Each coefficients of the model are obtained by different parameters. Coefficient means that the predicted value increases or decreases with the increase or decrease of a unit of the corresponding variable. Adjusted R-square = 0.92 in the model shows that the fitting effect of the model is very good. Furthermore, the P-value of the model is almost zero, which shows that the model is remarkably effective. City Fuel Efficiency can be explained by the variables we choose. From this model, we can see that the parameters CYL and Highway are significant indicators that these two variables most likely affect the value of City Fuel Efficiency. When we choose to buy a car, the only parameter we can choose is number of cylinder.

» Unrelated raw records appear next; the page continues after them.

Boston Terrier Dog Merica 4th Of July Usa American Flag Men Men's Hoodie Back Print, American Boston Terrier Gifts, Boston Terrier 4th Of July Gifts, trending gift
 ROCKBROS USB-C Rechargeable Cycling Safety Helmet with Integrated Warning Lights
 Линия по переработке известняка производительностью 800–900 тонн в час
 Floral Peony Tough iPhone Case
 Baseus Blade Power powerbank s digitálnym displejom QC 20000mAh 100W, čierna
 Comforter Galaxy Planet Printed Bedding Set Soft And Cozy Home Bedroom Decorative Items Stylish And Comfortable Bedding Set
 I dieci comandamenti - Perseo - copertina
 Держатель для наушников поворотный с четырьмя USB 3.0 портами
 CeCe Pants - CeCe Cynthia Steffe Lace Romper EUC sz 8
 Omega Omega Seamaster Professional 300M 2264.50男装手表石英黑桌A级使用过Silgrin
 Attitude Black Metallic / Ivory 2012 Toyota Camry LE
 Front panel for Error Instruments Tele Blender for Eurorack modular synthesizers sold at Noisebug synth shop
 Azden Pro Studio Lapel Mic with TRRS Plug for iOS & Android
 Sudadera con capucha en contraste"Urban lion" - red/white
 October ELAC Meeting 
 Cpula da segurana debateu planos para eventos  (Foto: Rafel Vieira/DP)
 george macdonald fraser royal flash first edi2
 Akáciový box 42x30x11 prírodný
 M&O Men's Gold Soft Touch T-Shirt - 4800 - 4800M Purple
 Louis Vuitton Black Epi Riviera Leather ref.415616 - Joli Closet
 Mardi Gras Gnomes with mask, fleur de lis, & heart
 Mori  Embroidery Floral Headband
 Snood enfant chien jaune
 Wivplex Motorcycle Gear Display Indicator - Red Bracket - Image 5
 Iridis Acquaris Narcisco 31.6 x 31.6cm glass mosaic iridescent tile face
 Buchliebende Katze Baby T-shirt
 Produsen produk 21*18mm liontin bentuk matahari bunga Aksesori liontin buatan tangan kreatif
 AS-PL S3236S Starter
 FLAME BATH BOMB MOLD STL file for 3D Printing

pre<-predict(lm_fit,newdata=test)
obs<-test$City
SSE<-sum((obs-pre)^2)
SST<-sum((obs-mean(obs))^2)
r2<-1-SSE/SST
rmse<-sqrt(mean((pre-obs)^2))
r2
## [1] 0.9344154
rmse
## [1] 0.9764112

Finally, we analyze the gap between the training model and the actual value of the data in the prediction set. The most important two indicators R-square and RMSE almost reach 1, which shows that the training effect of the model is very good. This model and report are meaningful to the actual situation and can roughly predict Vehicle’s City Fuel Efficiency based on this model. In conclusion, in the process of exploring data, we first have a general understanding of the preliminary evaluation and general situation of the class habits and fuel consumption of different manufacturers. Next, the correlation coefficient matrix is used to judge the selected variables. Finally, the prediction results are given by linear regression and the influencing factors of City Fuel Efficiency are found. Hence, I give some suggestions to consumers and dealers based on the data analysis. If consumers consider City Fuel Efficiency, the most important indicator to be concerned with is number of cylinder. Under the general standard of cylinder, considering engine displacement, year has no effect on fuel consumption.